Victor Hugo Boson[1]
Era
19 de maio de 2013 e alguns jornais veiculavam a notícia de um acidente fatal, ocorrido
na Bacia de Santos, envolvendo um trabalhador terceirizado. O plataformista
Leandro de Oliveira Couto, 34 anos, empregado de uma intermediadora de
mão-de-obra que prestava serviços à Petrobrás, morreu às 10 horas do dia
anterior, imediatamente após sofrer uma queda de uma altura de 20 metros na
plataforma SS-69[2].
A
morte de Leandro aconteceu setenta e duas horas após a morte de Pedro, um outro
plataformista terceirizado, no mesmo local e em condições muito semelhantes[3].
Tragédias
como as que vitimaram Leandro e Pedro se repetem pelos dias afora, acometendo
tantos outros no universo laboral brasileiro. Mas histórias fatais como essas
são revividas e reencenadas, presentificadas
e banalizadas, de forma
potencializada no contexto da terceirização de mão-de-obra.
Segundo
dados oficiais do Ministério do Trabalho e Emprego, divulgados em 2005 em
seminário sobre o tema, de cada dez acidentes de trabalho ocorridos no Brasil,
oito acabam por vitimar empregados terceirizados e, na hipótese de morte,
quatro entre cinco ocorrem nas prestadoras de serviço[4].
As
estatísticas setoriais demonstram um maior índice de acidentes com morte entre
trabalhadores terceirizados. Em 2010, para cada morte por acidente de trabalho
de empregado direto do setor elétrico brasileiro, corresponderam cerca de onze
mortes de empregados de terceirizadas[5].

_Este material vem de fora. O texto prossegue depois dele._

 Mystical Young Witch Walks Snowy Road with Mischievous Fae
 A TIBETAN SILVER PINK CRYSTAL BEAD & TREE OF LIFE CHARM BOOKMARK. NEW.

No setor do petróleo, os dados da Federação Única dos Petroleiros mostram que,
entre 2000 e 2010, de 283 mortes por acidentes de trabalho, 228 (o equivalente
a 81%) foram de terceirizados[6].
Nas unidades da Petrobrás, nos últimos quatro anos, houve 65 mortes em
acidentes de trabalho, sendo que 61 delas vitimou empregados de intermediárias[7].
A
terceirização precariza a vida humana, ao ser um fator de elevação dos riscos
relativos à saúde e segurança do trabalhador. Dentre os fatores que se combinam
e influem na elevação exponencial dos riscos acidentários no trabalho
terceirizado, estão o mitigado controle fiscalizatório direto do local de
trabalho por parte do empregador, a existência de órgãos distintos para
mapeamento de riscos e acompanhamento de Programas Preventivos de trabalhadores
terceirizados (Comissão Interna de Prevenção de Acidentes)[8],
a dificuldade dos órgãos públicos fiscalizatórios em identificar e chegar às
empresas prestadoras de serviços e seus empregados (dada a natureza de meras
intermediárias, com visibilidade menos expressiva para a sociedade civil e
Poder Público), a alta rotatividade dos terceirizados (44,9% contra 22% dos
diretamente contratados)[9]
e a precariedade dos seus vínculos e seus impactos negativos na adequada
formação para prevenção acidentária do trabalho.
Ademais,
em relação à jornada contratual de trabalho, as escassas fontes sobre o tema
indicam que os terceirizados são contratados para jornadas superiores à dos
empregados diretos[10],
isso sem considerar os maiores índices de horas extraordinárias, que importam
no maior desgaste físico e psíquico desses trabalhadores, mais distanciados do
chamado “direito à desconexão do trabalho”[11].
Some-se
a isso o fato de o modelo de relação triangular ser muito utilizado em setores
e para atividades que, por sua natureza, envolvem maior risco, de modo a
ampliar ainda mais as ocorrências acidentárias graves e óbitos do trabalho.
Desse
modo, quando o assunto é a preservação da higidez e da vida, a subcontratação
de mão-de-obra cria um contexto fático de maior vulnerabilidade dos
trabalhadores inseridos na sua dinâmica. Aqui, o empregado terceirizado se torna
alguém menor, menos empregado, porque mais precarizado em seu contexto, como nota
Márcio Túlio Viana[12].
A
geometria da terceirização concorre para um modelo de gestão da força de
trabalho que acaba por potencializar transgressões ao direito constitucional a
um meio ambiente de trabalho saudável (art. 200, VIII, CF/88), já
historicamente frágil no contexto brasileiro, e ao direito fundamental de redução dos riscos inerentes ao trabalho, mediante normas
de saúde, higiene e segurança (art. 7º, XXII, CF/88), que são sempre
interpretados à luz da determinação da progressividade e não retrocesso social
dos trabalhadores urbanos e rurais (art. 7º, caput, CF).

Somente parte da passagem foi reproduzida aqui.